Everyone likes to focus on the most notorious set of examples, despite being fairly short lived, even to the exclusion of realizing that there are other examples. The contemporaneous Soviet gulags are well known in the general population, at least in their broad outlines, via cultural diffusion of Yakov Smirnoff jokes. The United States interned its Japanese, Italian, and German populations (you don’t hear so much about the white guys) for the duration. The term itself was invented by the British to describe their brutal anti Boer counterinsurgency practice in South Africa. Enumerating the examples from the Eastern bloc, from Romania to China, gets into semantics of a “prison” versus a “camp”. Libs will eagerly point out that the United States engages in population suppression via prison on a greater proportion of its citizens than anywhere else, comparable to the USSR itself during the height of the purges. The Israelis restrict their captive population on such a scale that the Gaza Strip has been described as an open-air camp, with the genius innovation that one does not even need to be arrested, but merely born there.

Really, no one has described the phenomenon better on a metaphysical level than Solzhenitsyn – the latter chapters are a catalogue of specific brutalities, but the first couple hundred pages or so are universal in their application. My temptation is to quote from it at length, but I will restrain myself, within reason:

We didn’t love freedom enough. And even more-we had no awareness of the real situation. We spent ourselves in one unrestrained outburst in 1917, and then we hurried to submit. We submitted with pleasure! (Arthur Ransome describes a workers’ meeting in Yaroslavl in 1921. Delegates were sent to the workers from the Central Committee in Moscow to confer on the substance of the argument about trade unions. The representative of the opposition, Y. Larin, explained to the workers that their trade union must be their defense against the administration, that they possessed rights which they had won and upon which no one else had any right to infringe. The workers, however, were completely indifferent, simply not comprehending whom they still needed to be defended against and why they still needed any rights. When the spokesman for the Party line rebuked them for their laziness and for getting out of hand, and demanded sacrifices from them-overtime work without pay, reductions in food, military discipline in the factory administration-this aroused great elation and applause.)

Of course, Solzhenitsyn spends the rest of the chapter explaining why it is simply unreasonable, as a matter of prudence and human psychology, to expect people to “love freedom” in the abstract so much that one bashes the secret policeman over the head with a lamp and suffers the concrete consequences. Transformation of a temporary internment to a one-way trip is highly contextual – in the Gulags themselves, most were at least putatively imprisoned on criminal rather than explicitly political grounds (a thin distinction at the time, but one with significant consequences), for perhaps five years at a toss. Approximately everyone survived the domestic American internment camps – being the world’s bread basket helps, and under circumstances where the American civilian population was restricted to 1400 calories a day it’s doubtful that the camp populations would have done as well. In the contemporary case, we mostly scoff at the teen who “loves freedom” so much that he gets into a fistfight or a shootout with police over a warrant on a two-year case.

The thing to draw from this is that a priori it’s not clear how a mass internment is going to go, and much depends on the underlying resources (calories, logistics, and competency) available to the regime – assuming they don’t decide on a policy of destruction for political purposes at some point.
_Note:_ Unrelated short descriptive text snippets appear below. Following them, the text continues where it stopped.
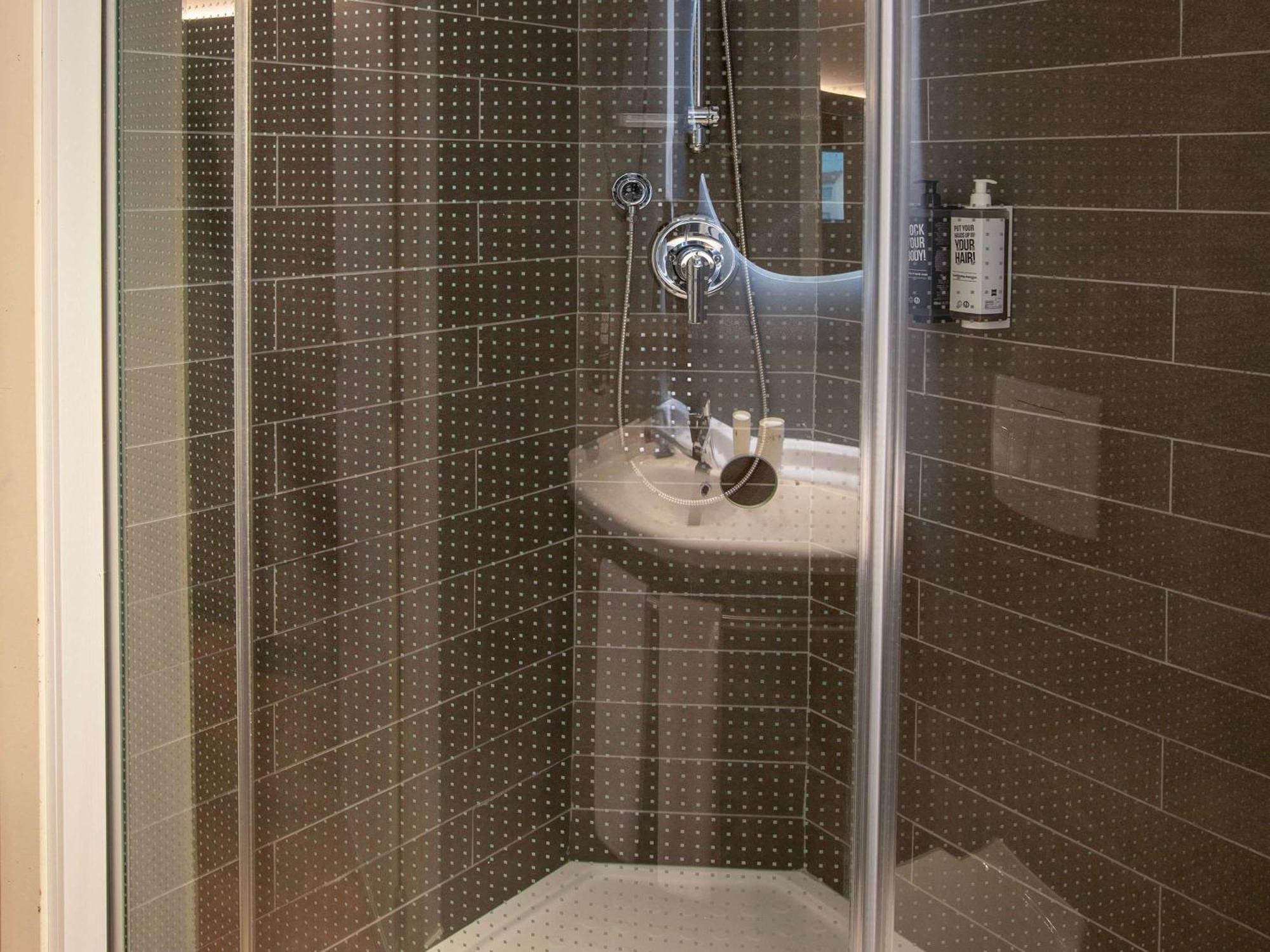 Ibis Malaga Centro Ciudad Hotell Exteriör bild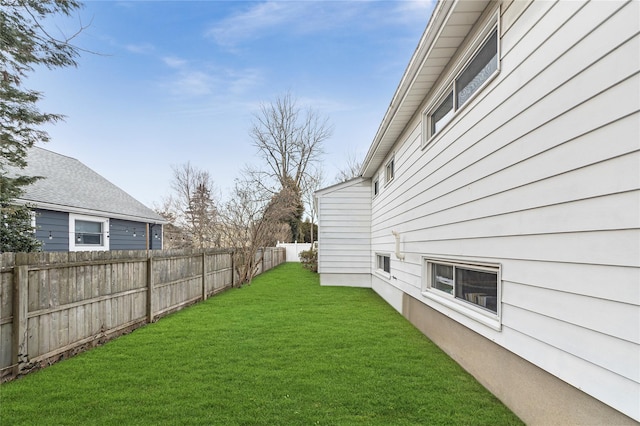 view of yard featuring fence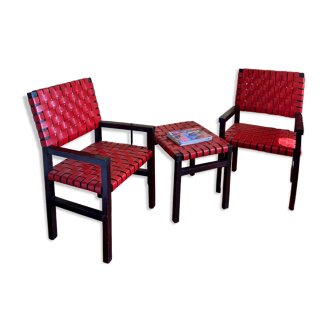 Black and red leather armchairs with its coffee table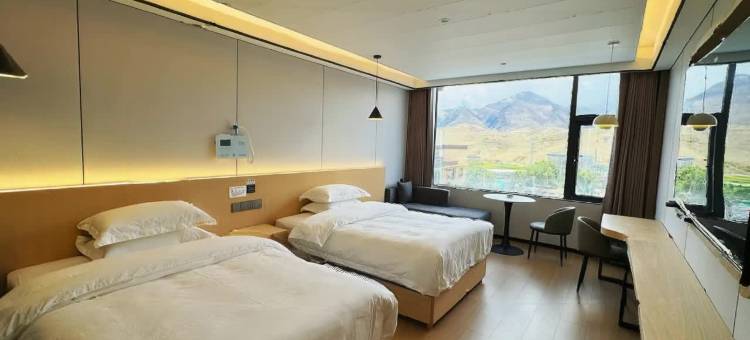 吉隆富氧大酒店图片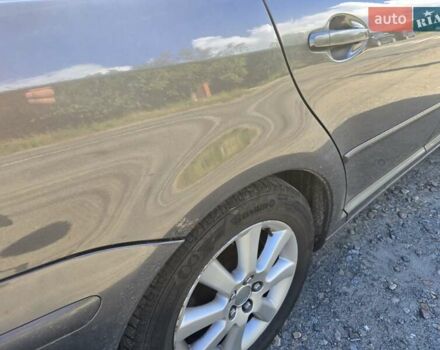 Серый Тойота Авенсис, объемом двигателя 1.79 л и пробегом 390 тыс. км за 4999 $, фото 6 на Automoto.ua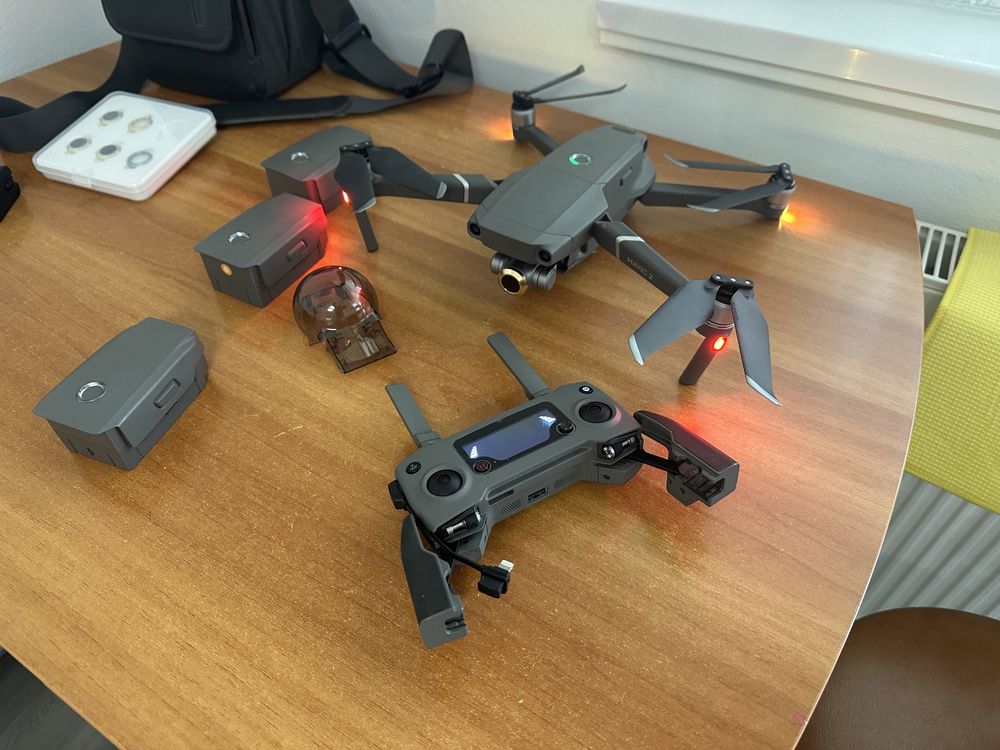 Drona DJI Mavic 2 zoom cu 4 baterii + geanta fly more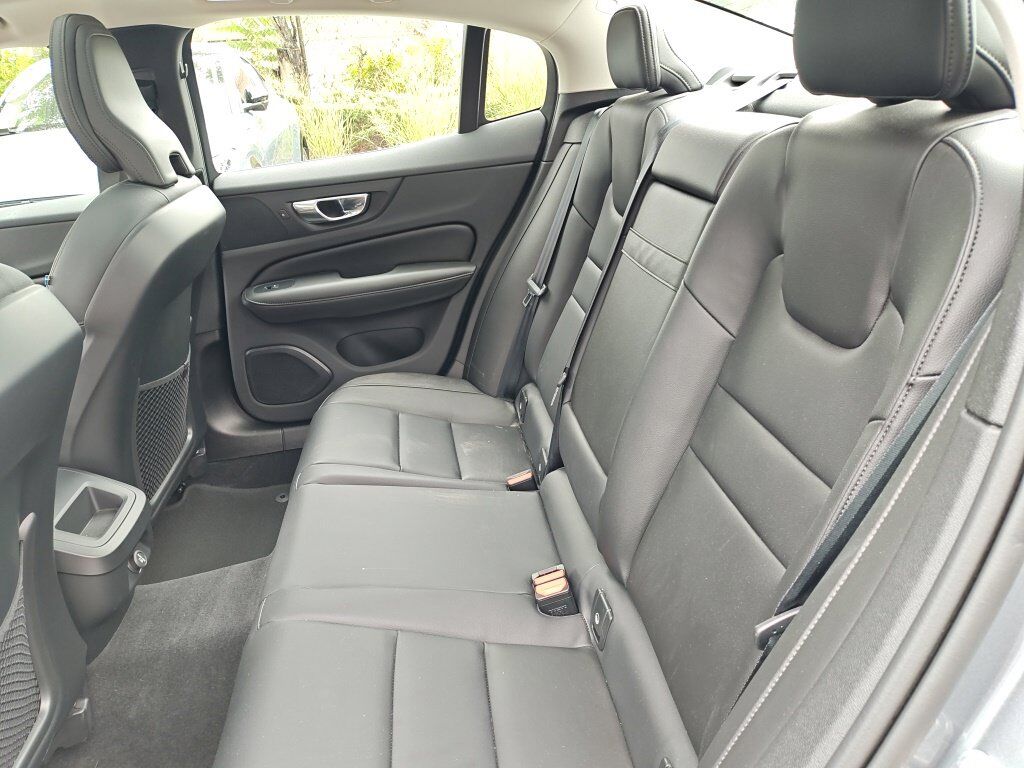 2020 Volvo S60 T5 Momentum Hunt Valley MD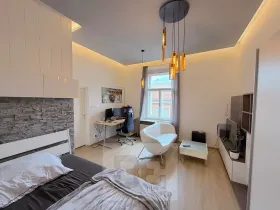Pronájem bytu 1+1, Praha - Žižkov, Chelčického, 40 m2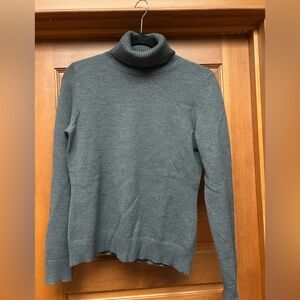 Banana Republic gray merino wool turtleneck sweater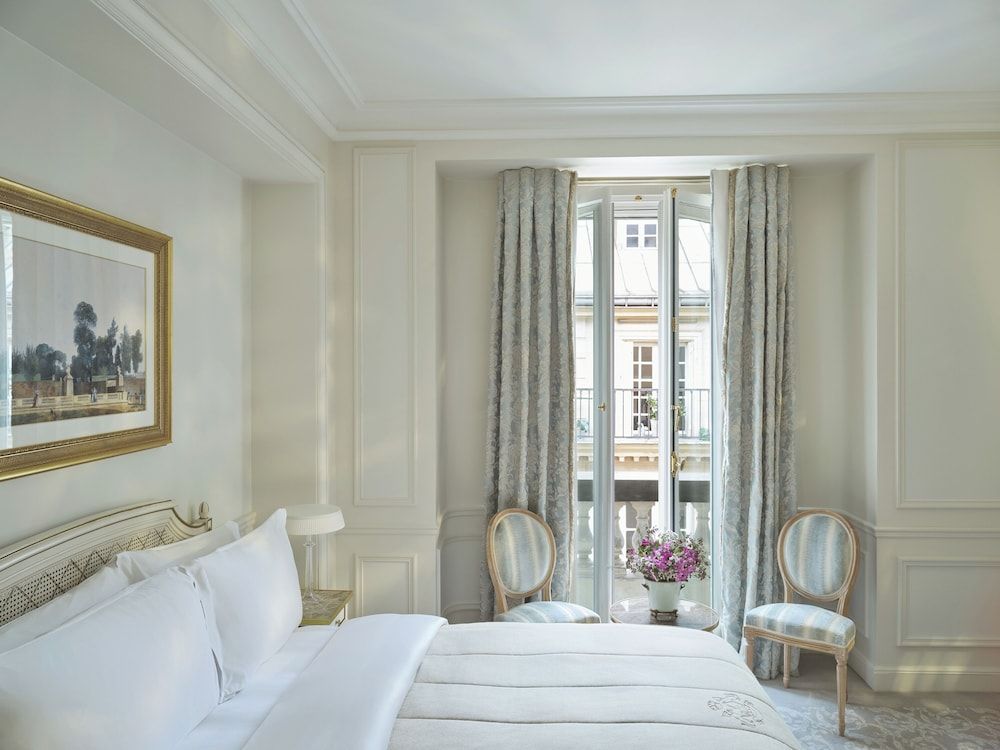 Le Meurice - Dorchester Collection Classic Room 3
Until the policy change marked at the Wansee conference, it was plausible that as a random Polish civilian you might be safer inside Auschwitz than in the path of the Leibstandarte SS.

Fortunately, the Australian government loves its citizens very much, despite the fact that they are totally superfluous to their long term mission of selling every mineral asset on the continent at a fair price. Their recent political project to destroy the ability of their citizens to coordinate political activity should not be taken as a sign that they would be so ruthless as to imprison dissenters on “public health” grounds, or to use medicalized euthanasia on a captive population despite a year and a half of evidence doing so was fatal. Their competency and respect for epidemiology is undoubtable, and their results speak for themselves.

The most comforting knowledge is that their population has no choice but to trust them.

13 Comments Add yours

  1. I would be interested to know what policy changes the author thinks happened at Wansee and what specifically was said that is indicative of these changes.

    The right has no need for baseless schizophrenia.

    Like

  2. Jorge Washington says:

    Great poast, unanticipated structure. Your observation on the Aussie elites’ goal, selling the minerals, reminds me of the thought experiment of the AI who turns the universe into paperclips. Whatever selection we had to allow industrial civilization, seems to have functionally given us this sort of AI in the form of our leadership caste. Is it possible to have fantastic career success, and not be manically twisted? Like all they can think of is go on finding ways to increase profitability even further, to the point where they’re doing a bio-terror version of the Inclosure Acts?

    Question: How does China fit in? It seems to me this program the greater-GAE is engaged in, destroys the capacity to stand up to China. If you, as a satanist-pedo-CFR insider, kill 90% of your population, the Chinks just move their surplus Work Hard Study types in, and kick you out of your Bond Villain compound. The elite would seem to *need* us, healthy and thriving like it’s 1960, even if they hate us.

    Like

    1. Jamarcus N. Daniels says:

      My impression is that they intend for a repeat of their transition out of Russia as they wore out their welcome. There are certainly a number of ‘elites’ in China’s upper echelon today. The famous Tucker clip of the Chinese professor noting his encounter with a large-nosed woman who had membership in China’s upper caste comes to mind.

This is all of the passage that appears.